My business was a failure because I had become so obsessed with it succeeding that I had hidden from dealing with it. I had spent and lost many precious dollars on the business.
Through my own actions, I had put my family into enormous debt. It wasn’t just alcohol addiction, it was everything that came with it.
My depression and anxiety so overwhelmed me that I blurred the lines between right and wrong to try to feel better. I purchase Xanax online, illegally. I pushed my baby around in her stroller while drinking. Whether in the stores shopping for groceries or in the carpool lane picking up the older children from school, I sipped wine in a travel mug.
Unfortunately, I couldn’t drink away my sadness, self-hatred, or pain. I still had not developed any coping skills. I felt negative emotions at all times and had ceased daily functions.
A Period of Overdosing
I now regularly self-medicated with drugs. In two months, I overdosed two times; the first time was on Lithium and the second time on Xanax. My intention was never self-harm. I intended to stop my pain. I continued to lie to myself, and I had bought into the notion that the drugs would help me return to functioning well.

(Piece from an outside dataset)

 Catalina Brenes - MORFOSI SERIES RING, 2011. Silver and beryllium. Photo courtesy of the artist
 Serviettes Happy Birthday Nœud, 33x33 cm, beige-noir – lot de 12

My second overdose was life-changing. I had spent time the prior week completely zone out while going about my daily life. I had continued driving and taking care of my kids. I didn’t remember the entire week. I had placed my children in enormous danger because they were basically looking after themselves. My eldest, at that time, was only seven.

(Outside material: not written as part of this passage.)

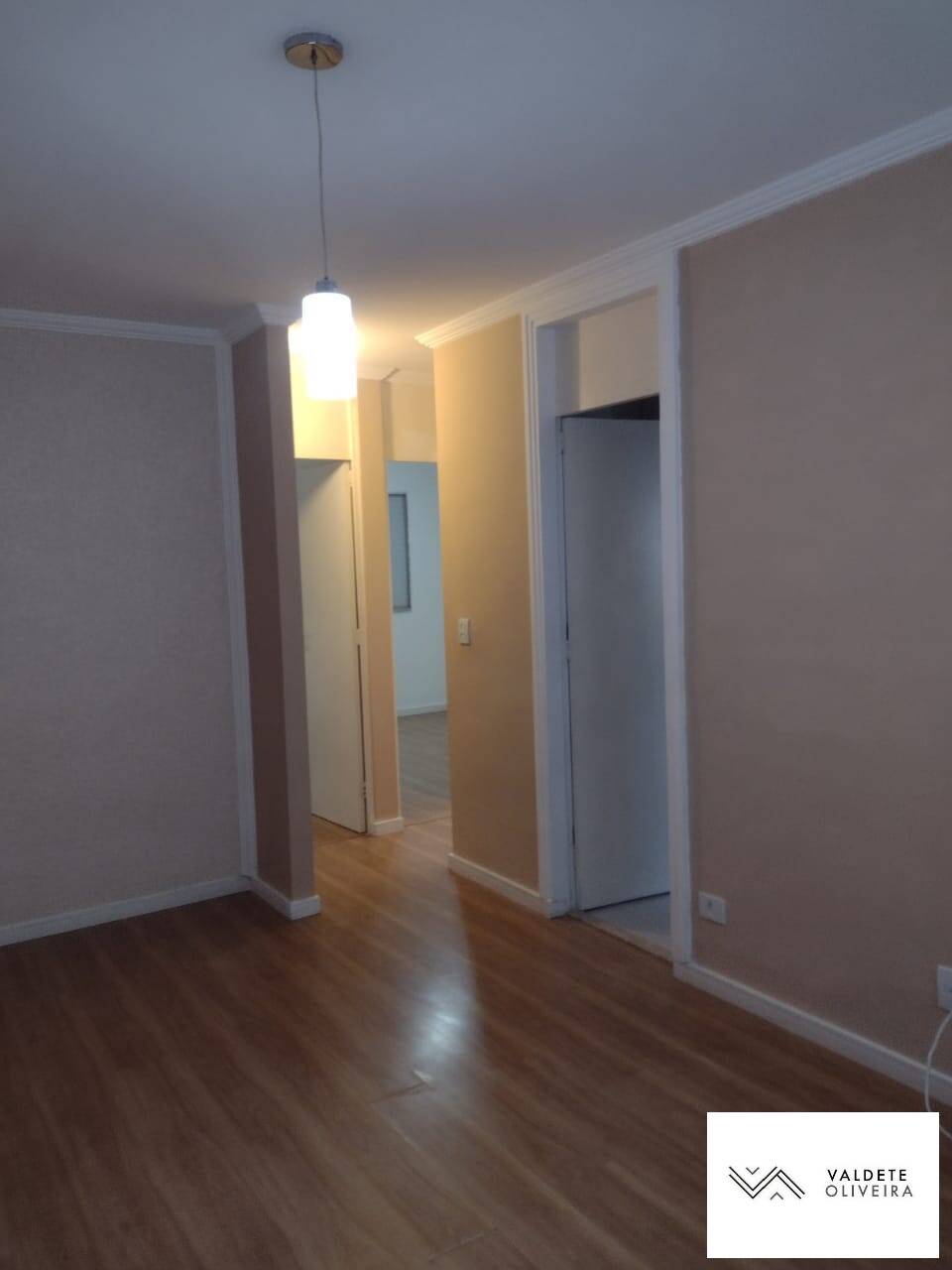 Apartamento à venda com 2 quartos, 65m² - Foto 2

My husband drove me to the ER and explained that I’d overdosed on Xanax. I was admitted to a psychiatric hospital. My husband refused to visit or to bring the children for a visit.
You hear about “rock bottom.” But, until you hit it yourself, you can’t fathom what it’s like. In that hospital, I hit rock bottom.

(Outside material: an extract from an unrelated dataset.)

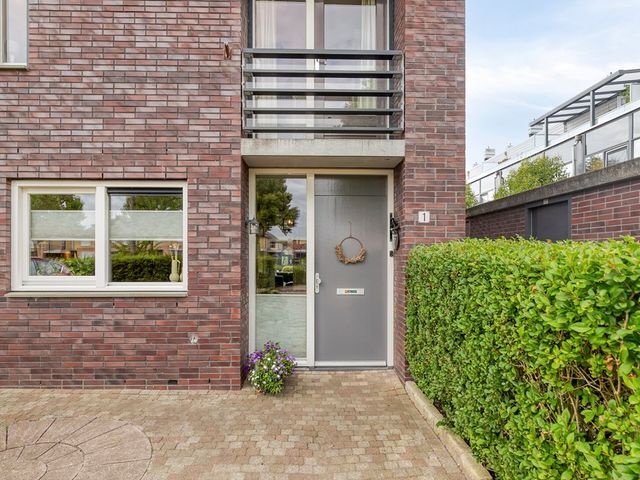 Bras 1, Bunschoten-Spakenburg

I quickly realized that I was at risk of losing everything and everyone I loved to my drug and alcohol addiction. I faced the truth that it was not normal to cope by numbing my emotions. Most of all, I realized that while I loved my husband, children, and life very much, I needed to get better for myself and not for them.
The Steps to Sobriety
I now admit to myself that I’m a drug addict and an alcoholic. Never again can I abuse drugs or alchohol. Just one sip would be one sip too many.
My mental illness prescriptions are closely monitored, and I am held accountable for them. Instead of coping by drinking, I reward myself for meeting challenges by taking a walk, enjoying a leisurely shower, or sipping a cup of tea with a friend. I meditate daily. I attend both individual and group therapy once a week. I am learning to cope with negative emotions rather than avoiding them. I’ve learned to embrace feelings such as anxiety or sadness.
I’m learning to give less weight to what others think about me, to give them “zero fuck,” about their opinions. I’ve accepted that the concern over what others thought about me was me projecting my own feelings of self-hatred all along. I don’t need to be that perfect person, to be successful, or to gain adoration from everyone I meet. I’m starting to hate myself less each day.
Dumb Luck and Family Acceptance
Today, I’m here only through dumb luck. I carry the incredible love and strength of those dearest to me: my husband, parents, and sister. They have helped me take every step along the way. They understood that I couldn’t just leave the hospital, come home and move on. My family has given me the time that I need. They realized that recovery from drug and alcohol addiction is the same as recovering from any other illness: it takes help, time, rehabilitation and a commitment to caring for myself.
Now, I’ve accepted myself despite my flaws and forgiven myself. I am free of alcohol and drugs. I feel now like I am a worthy individual.